▶ **WORK ORDER**
Your answer should be only the lines below from the one with "Max Raabe Wer" to the one with "มีความรับผิดชอบร่วมกัน", repeated exactly, ends included.
-------- ENTRIES SHOWN --------
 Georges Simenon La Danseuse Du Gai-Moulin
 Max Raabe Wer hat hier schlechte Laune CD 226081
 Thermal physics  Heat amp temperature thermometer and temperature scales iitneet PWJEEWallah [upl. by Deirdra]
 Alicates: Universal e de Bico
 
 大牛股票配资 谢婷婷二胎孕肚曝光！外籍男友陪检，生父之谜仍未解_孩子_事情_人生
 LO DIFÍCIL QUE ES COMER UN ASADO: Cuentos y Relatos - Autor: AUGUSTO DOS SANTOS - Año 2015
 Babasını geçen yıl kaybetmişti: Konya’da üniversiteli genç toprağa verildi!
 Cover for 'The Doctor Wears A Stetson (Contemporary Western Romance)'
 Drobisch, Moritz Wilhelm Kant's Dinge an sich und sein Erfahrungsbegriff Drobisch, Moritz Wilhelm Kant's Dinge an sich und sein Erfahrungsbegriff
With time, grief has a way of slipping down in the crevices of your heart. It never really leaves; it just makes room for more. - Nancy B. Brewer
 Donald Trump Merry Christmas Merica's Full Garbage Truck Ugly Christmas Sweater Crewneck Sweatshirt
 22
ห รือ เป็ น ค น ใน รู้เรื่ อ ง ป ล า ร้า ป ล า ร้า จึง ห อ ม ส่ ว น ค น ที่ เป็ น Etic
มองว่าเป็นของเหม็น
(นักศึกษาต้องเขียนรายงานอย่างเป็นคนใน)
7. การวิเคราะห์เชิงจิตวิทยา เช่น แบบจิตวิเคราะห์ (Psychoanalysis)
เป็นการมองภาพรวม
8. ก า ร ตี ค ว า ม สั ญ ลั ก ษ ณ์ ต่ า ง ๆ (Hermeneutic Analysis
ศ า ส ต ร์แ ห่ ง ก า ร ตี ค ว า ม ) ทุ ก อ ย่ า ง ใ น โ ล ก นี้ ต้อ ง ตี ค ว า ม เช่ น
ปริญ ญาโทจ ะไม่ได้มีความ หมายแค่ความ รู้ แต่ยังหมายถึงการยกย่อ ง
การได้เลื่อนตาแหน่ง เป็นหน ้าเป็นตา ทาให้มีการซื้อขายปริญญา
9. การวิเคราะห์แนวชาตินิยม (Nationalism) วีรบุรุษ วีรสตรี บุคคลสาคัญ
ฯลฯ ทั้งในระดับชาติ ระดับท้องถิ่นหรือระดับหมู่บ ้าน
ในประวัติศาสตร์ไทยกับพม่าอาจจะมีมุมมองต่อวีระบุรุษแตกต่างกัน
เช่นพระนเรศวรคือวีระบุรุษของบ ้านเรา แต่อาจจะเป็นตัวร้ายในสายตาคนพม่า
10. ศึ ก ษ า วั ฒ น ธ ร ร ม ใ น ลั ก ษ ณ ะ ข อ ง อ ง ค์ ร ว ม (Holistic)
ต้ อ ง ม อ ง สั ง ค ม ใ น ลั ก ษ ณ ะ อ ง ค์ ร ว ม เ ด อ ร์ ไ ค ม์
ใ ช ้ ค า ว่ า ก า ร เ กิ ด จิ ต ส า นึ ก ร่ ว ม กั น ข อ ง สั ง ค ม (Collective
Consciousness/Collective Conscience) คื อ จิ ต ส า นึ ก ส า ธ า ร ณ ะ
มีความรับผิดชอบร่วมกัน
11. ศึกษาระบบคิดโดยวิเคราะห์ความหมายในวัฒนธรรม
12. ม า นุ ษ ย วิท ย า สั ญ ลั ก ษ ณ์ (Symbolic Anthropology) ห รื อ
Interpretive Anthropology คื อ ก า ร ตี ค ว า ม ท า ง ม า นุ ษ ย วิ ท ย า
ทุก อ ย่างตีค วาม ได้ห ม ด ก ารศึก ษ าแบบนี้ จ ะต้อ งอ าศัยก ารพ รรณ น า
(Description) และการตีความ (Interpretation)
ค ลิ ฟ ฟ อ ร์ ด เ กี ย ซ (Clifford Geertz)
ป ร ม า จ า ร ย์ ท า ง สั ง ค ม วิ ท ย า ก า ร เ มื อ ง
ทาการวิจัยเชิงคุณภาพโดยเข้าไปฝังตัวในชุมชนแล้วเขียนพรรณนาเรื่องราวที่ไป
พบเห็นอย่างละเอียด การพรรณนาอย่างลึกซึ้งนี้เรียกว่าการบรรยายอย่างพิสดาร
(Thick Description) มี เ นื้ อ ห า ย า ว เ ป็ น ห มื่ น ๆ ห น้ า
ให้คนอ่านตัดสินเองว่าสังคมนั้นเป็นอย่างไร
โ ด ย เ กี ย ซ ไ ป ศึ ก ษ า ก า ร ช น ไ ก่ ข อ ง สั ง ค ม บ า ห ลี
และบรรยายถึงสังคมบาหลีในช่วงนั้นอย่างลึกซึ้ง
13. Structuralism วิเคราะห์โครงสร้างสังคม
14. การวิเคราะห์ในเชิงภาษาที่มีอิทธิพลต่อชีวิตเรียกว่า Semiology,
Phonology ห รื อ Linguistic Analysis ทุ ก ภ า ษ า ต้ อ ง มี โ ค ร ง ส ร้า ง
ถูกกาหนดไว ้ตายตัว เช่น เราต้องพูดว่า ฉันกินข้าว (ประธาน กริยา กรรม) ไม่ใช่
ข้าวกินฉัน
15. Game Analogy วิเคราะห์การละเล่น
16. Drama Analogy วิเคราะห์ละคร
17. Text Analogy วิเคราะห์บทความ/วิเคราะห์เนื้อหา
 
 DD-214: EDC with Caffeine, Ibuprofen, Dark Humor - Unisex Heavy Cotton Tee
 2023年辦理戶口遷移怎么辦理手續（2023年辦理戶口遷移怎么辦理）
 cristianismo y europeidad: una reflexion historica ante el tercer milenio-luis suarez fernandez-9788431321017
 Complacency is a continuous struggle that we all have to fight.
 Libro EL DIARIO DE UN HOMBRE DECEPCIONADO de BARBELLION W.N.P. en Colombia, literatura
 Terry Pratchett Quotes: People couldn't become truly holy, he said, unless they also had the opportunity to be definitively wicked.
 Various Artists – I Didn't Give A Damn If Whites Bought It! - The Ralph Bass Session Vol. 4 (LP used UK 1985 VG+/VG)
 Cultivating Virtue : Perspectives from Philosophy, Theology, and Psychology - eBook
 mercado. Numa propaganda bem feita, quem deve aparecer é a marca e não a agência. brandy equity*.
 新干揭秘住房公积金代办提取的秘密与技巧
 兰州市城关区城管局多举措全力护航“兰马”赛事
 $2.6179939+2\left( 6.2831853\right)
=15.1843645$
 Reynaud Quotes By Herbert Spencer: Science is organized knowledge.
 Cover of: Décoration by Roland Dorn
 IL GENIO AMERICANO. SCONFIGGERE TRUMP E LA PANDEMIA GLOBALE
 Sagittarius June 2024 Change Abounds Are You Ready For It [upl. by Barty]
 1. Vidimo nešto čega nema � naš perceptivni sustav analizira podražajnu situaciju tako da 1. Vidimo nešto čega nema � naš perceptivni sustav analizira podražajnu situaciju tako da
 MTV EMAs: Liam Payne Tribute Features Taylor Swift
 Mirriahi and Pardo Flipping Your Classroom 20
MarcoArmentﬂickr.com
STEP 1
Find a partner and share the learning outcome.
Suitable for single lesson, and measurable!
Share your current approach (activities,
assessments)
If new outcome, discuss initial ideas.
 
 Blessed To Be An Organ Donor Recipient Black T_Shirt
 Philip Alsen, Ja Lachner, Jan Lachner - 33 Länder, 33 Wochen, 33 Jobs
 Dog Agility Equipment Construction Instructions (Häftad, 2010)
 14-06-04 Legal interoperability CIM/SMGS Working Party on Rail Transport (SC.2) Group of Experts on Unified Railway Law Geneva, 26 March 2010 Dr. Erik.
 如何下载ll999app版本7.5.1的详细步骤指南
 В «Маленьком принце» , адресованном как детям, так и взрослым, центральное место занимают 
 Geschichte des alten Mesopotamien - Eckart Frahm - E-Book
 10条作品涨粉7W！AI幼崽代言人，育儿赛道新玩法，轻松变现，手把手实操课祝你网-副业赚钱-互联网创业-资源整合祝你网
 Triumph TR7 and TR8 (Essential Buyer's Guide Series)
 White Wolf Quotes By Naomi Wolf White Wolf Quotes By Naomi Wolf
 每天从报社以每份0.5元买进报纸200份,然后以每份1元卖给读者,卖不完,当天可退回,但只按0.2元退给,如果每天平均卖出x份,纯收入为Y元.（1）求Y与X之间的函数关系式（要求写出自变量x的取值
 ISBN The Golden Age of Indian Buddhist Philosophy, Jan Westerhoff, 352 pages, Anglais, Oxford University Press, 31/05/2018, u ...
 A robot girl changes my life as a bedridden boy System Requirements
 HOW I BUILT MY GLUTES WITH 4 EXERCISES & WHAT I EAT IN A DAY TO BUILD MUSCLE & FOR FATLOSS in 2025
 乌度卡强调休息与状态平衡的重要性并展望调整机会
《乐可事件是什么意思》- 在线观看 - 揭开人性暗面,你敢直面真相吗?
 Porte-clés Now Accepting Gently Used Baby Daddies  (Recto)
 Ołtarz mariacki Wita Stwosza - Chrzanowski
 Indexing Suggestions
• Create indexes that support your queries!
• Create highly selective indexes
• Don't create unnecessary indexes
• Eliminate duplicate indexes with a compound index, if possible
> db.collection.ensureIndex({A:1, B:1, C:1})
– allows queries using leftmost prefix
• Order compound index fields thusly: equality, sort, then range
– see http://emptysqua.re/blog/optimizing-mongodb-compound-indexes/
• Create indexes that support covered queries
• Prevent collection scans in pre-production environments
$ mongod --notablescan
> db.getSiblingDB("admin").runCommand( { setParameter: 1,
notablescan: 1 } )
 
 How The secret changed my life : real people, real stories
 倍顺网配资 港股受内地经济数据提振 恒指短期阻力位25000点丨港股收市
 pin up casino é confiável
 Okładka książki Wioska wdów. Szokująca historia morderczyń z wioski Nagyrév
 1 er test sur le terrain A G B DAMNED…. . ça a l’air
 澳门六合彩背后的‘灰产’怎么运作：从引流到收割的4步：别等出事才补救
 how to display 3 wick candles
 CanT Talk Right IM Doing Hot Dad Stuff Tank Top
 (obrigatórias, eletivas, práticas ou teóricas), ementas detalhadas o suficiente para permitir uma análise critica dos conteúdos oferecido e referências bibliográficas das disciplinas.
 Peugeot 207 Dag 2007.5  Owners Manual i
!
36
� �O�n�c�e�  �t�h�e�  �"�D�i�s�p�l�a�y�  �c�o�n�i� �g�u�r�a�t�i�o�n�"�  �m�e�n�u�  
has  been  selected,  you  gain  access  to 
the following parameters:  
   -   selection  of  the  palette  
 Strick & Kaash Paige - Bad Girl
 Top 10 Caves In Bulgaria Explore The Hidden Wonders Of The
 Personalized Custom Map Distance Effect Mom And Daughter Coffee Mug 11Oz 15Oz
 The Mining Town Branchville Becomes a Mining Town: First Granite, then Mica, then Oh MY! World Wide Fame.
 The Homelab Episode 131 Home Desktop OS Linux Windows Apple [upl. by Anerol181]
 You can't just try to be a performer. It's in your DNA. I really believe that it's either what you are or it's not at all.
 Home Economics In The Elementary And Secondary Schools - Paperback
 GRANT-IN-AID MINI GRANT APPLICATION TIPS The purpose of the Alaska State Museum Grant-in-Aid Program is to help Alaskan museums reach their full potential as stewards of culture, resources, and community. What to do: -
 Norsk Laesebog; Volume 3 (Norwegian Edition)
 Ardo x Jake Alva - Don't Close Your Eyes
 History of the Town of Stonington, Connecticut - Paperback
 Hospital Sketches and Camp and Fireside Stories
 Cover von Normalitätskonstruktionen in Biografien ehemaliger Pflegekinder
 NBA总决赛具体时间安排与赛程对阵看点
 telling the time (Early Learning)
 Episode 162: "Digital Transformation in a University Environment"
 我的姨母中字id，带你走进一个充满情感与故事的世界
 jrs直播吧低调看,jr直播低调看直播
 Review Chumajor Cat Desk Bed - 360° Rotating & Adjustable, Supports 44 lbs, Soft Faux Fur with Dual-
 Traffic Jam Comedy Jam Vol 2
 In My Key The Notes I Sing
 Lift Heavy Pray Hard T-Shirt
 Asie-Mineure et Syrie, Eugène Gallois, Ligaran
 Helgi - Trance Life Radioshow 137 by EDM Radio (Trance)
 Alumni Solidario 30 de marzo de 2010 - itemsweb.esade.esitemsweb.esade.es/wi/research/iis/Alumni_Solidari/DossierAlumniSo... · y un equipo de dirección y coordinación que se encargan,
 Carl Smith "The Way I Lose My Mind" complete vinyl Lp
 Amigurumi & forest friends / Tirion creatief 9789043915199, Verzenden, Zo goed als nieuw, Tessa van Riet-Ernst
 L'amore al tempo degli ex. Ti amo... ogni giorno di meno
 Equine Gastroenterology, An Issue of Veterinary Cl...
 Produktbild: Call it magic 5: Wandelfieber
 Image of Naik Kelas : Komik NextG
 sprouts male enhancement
--------
▶ **RESPONSE**
 Max Raabe Wer hat hier schlechte Laune CD 226081
 Thermal physics  Heat amp temperature thermometer and temperature scales iitneet PWJEEWallah [upl. by Deirdra]
 Alicates: Universal e de Bico
 
 大牛股票配资 谢婷婷二胎孕肚曝光！外籍男友陪检，生父之谜仍未解_孩子_事情_人生
 LO DIFÍCIL QUE ES COMER UN ASADO: Cuentos y Relatos - Autor: AUGUSTO DOS SANTOS - Año 2015
 Babasını geçen yıl kaybetmişti: Konya’da üniversiteli genç toprağa verildi!
 Cover for 'The Doctor Wears A Stetson (Contemporary Western Romance)'
 Drobisch, Moritz Wilhelm Kant's Dinge an sich und sein Erfahrungsbegriff Drobisch, Moritz Wilhelm Kant's Dinge an sich und sein Erfahrungsbegriff
With time, grief has a way of slipping down in the crevices of your heart. It never really leaves; it just makes room for more. - Nancy B. Brewer
 Donald Trump Merry Christmas Merica's Full Garbage Truck Ugly Christmas Sweater Crewneck Sweatshirt
 22
ห รือ เป็ น ค น ใน รู้เรื่ อ ง ป ล า ร้า ป ล า ร้า จึง ห อ ม ส่ ว น ค น ที่ เป็ น Etic
มองว่าเป็นของเหม็น
(นักศึกษาต้องเขียนรายงานอย่างเป็นคนใน)
7. การวิเคราะห์เชิงจิตวิทยา เช่น แบบจิตวิเคราะห์ (Psychoanalysis)
เป็นการมองภาพรวม
8. ก า ร ตี ค ว า ม สั ญ ลั ก ษ ณ์ ต่ า ง ๆ (Hermeneutic Analysis
ศ า ส ต ร์แ ห่ ง ก า ร ตี ค ว า ม ) ทุ ก อ ย่ า ง ใ น โ ล ก นี้ ต้อ ง ตี ค ว า ม เช่ น
ปริญ ญาโทจ ะไม่ได้มีความ หมายแค่ความ รู้ แต่ยังหมายถึงการยกย่อ ง
การได้เลื่อนตาแหน่ง เป็นหน ้าเป็นตา ทาให้มีการซื้อขายปริญญา
9. การวิเคราะห์แนวชาตินิยม (Nationalism) วีรบุรุษ วีรสตรี บุคคลสาคัญ
ฯลฯ ทั้งในระดับชาติ ระดับท้องถิ่นหรือระดับหมู่บ ้าน
ในประวัติศาสตร์ไทยกับพม่าอาจจะมีมุมมองต่อวีระบุรุษแตกต่างกัน
เช่นพระนเรศวรคือวีระบุรุษของบ ้านเรา แต่อาจจะเป็นตัวร้ายในสายตาคนพม่า
10. ศึ ก ษ า วั ฒ น ธ ร ร ม ใ น ลั ก ษ ณ ะ ข อ ง อ ง ค์ ร ว ม (Holistic)
ต้ อ ง ม อ ง สั ง ค ม ใ น ลั ก ษ ณ ะ อ ง ค์ ร ว ม เ ด อ ร์ ไ ค ม์
ใ ช ้ ค า ว่ า ก า ร เ กิ ด จิ ต ส า นึ ก ร่ ว ม กั น ข อ ง สั ง ค ม (Collective
Consciousness/Collective Conscience) คื อ จิ ต ส า นึ ก ส า ธ า ร ณ ะ
มีความรับผิดชอบร่วมกัน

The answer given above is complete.